Halife Şuşan son olarak diyalogu başlatmak için asgari koşulları sağlamak ve ülkeyi tüm düzeylerdeki yapısal krizden kurtarmak için çatışan taraflara tavizler verme, siyasi bir ateşkes ilan etme ve tansiyonu yükselten açıklamalar yapmayı durdurma çağrısında bulundu.
Erken seçimlerin zamanı
Diğer yandan Yaşasın Tunus Partisi Milletvekili Mebruk Kurşid, Cumhurbaşkanı’nın herhangi bir diyalog yürütemediğini belirterek, bu durumun göz önünde bulundurulup, Nobel Barış Ödülü kazanan Tunus Ulusal Diyalog Dörtlüsü’nün himayesinde ulusal bir diyalog başlatılması önerisinde bulundu.
Tunus'ta siyasi sistemi ve yönetim biçimi değiştirerek, kurumların oluşturulmasının tamamlanması ve ulusal bir kurtuluş hükümeti olması şartıyla hükümetin anlaşmayla değiştirilmesi için iki aylık bir süre tanınması çağrısında bulunan Kurşid, seçim yasasını ve siyasi sistemi değiştirdikten sonra erken seçimlere gidilmesini önerdi.
Nahda Hareketi, Meşişi’yi desteklemeye devam ediyor
Tunus'taki siyasi kriz derinleşirken ve hem ekonomik hem de sosyal yansımaları daha kötüleşirken Nahda Hareketi, Başbakan Hişam el-Meşişi’nin arkasında durmaya devam ediyor.

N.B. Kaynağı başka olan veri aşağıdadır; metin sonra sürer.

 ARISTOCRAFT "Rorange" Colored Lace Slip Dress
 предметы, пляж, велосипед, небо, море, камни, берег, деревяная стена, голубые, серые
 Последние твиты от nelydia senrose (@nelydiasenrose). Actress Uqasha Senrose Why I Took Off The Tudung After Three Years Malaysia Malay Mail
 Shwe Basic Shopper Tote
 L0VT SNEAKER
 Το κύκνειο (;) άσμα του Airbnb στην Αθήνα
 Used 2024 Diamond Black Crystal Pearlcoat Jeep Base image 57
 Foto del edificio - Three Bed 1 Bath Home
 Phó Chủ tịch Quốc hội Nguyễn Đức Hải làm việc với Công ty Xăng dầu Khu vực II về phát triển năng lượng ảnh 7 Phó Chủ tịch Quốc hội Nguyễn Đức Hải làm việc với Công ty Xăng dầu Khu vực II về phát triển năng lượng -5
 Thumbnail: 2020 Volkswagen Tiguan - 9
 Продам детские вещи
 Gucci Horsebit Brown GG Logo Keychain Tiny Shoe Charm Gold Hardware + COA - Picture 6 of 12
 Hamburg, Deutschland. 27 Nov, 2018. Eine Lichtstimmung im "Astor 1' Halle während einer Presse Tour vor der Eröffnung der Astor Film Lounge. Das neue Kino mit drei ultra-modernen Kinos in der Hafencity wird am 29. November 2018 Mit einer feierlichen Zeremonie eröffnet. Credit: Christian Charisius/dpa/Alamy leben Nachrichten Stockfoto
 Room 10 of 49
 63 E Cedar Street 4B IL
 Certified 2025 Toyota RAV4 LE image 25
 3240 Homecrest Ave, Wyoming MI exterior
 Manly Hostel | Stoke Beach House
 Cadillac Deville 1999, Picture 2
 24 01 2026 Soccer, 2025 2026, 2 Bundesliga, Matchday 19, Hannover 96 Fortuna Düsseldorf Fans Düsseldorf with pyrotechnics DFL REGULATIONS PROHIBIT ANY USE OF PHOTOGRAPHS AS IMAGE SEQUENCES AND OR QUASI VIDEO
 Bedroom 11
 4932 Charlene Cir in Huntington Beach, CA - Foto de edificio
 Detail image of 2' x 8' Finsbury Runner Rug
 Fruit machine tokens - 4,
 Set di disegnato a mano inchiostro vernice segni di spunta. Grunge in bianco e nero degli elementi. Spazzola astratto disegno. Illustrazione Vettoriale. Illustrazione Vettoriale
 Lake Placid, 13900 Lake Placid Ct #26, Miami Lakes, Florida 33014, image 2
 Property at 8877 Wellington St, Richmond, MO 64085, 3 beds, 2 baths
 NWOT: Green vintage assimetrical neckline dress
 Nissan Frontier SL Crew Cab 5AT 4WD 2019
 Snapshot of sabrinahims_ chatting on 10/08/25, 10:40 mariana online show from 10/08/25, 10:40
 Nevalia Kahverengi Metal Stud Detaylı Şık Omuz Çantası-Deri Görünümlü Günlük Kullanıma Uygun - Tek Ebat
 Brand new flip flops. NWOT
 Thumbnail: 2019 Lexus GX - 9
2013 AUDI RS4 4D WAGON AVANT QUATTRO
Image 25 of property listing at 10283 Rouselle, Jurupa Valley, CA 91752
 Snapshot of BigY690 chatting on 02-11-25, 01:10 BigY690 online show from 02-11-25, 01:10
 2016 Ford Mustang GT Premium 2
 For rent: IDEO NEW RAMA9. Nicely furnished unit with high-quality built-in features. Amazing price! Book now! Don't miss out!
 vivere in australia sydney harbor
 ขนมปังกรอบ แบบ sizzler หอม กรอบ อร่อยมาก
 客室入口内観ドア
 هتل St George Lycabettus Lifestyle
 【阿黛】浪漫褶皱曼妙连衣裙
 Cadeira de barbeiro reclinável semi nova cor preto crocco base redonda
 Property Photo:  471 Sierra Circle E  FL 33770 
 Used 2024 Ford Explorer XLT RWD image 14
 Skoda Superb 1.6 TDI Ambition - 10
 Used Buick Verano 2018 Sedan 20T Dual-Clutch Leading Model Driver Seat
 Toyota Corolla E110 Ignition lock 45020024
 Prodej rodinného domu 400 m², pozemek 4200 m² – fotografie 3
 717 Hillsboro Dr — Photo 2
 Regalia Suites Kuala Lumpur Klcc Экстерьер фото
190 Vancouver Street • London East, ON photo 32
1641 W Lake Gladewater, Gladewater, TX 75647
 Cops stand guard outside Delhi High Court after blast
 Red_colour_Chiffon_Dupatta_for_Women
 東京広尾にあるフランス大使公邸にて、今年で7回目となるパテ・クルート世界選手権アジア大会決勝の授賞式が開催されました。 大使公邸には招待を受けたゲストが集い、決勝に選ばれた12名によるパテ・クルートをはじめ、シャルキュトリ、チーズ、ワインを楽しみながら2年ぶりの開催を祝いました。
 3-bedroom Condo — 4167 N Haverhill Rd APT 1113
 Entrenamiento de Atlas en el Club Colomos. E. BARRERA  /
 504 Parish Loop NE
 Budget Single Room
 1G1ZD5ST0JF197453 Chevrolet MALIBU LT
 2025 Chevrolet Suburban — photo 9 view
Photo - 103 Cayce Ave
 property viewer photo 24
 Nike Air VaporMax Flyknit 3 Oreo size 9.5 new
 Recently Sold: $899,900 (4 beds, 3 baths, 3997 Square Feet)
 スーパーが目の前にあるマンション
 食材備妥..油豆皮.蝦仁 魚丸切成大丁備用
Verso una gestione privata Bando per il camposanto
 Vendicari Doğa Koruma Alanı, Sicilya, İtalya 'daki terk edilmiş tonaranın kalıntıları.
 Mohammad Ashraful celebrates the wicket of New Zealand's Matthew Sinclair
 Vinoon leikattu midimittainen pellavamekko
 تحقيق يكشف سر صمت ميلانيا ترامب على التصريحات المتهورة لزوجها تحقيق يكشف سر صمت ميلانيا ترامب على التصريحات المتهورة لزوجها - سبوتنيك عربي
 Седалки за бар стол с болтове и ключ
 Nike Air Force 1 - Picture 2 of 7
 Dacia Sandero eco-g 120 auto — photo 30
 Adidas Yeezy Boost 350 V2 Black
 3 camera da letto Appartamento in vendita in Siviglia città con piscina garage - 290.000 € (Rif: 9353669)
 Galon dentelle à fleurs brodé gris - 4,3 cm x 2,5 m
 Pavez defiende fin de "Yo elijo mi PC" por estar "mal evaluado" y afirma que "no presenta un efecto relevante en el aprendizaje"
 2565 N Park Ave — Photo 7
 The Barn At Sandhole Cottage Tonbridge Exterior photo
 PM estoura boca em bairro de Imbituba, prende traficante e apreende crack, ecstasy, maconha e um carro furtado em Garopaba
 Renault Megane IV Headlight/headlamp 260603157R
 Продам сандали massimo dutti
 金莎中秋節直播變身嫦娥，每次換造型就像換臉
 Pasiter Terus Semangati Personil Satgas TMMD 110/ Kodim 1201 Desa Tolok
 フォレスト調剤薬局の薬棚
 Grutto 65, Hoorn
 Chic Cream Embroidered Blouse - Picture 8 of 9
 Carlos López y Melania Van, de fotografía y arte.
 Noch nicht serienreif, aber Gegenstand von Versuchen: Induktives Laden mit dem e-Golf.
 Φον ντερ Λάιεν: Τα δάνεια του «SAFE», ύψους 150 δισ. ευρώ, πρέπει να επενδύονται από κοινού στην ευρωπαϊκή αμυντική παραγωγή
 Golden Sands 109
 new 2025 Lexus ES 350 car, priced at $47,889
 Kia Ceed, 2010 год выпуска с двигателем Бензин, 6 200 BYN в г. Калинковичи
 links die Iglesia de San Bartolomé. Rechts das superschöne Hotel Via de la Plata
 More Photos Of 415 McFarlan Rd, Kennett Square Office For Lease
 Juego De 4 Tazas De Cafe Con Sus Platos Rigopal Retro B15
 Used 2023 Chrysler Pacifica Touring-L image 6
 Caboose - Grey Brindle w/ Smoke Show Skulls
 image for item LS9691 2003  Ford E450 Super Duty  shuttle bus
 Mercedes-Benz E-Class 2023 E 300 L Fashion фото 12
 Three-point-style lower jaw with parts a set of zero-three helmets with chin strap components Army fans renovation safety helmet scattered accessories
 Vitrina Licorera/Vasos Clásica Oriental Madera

Nahda Hareketi Sözcüsü Fethi el-Ayadi, 6 Nisan Salı günü yaptığı açıklamada, Nahda Hareketi’nin, Cumhurbaşkanı Kays Said'in ulusal diyalogun başlaması öncesinde Hişam el-Meşişi hükümetini görevden almak istediğine dair bir takım sinyaller gördüğünü ancak ‘hükümetin başındaki Meşişi’yi desteklemeye devam ettiğini’ söyledi.
UGTT’nin başlattığı ulusal diyalog girişiminin halen yürürlükte olduğunu söyleyen Ayadi, Nahda Hareketi’nin de hiçbir siyasi parti ve ulusal kuruluşun dışlanmaması şartıyla girişime açık olduğunu belirtti.
Tarafların, tutumlarından geri adım atmamaları ve siyasi rakipler arasında diyalog beklentilerinin gerçekleşmemesiyle birlikte UGTT ve büyük ulusal kuruluşların, giderek daha da tehlikeli bir hal alan uzun soluklu siyasi krize son vermek için, bunu yapmak isteyen siyasi güçlerin katılımıyla ülkeyi kurtarma girişimini bir an önce başlatma konusundaki sorumlulukları daha da ağırlaşıyor.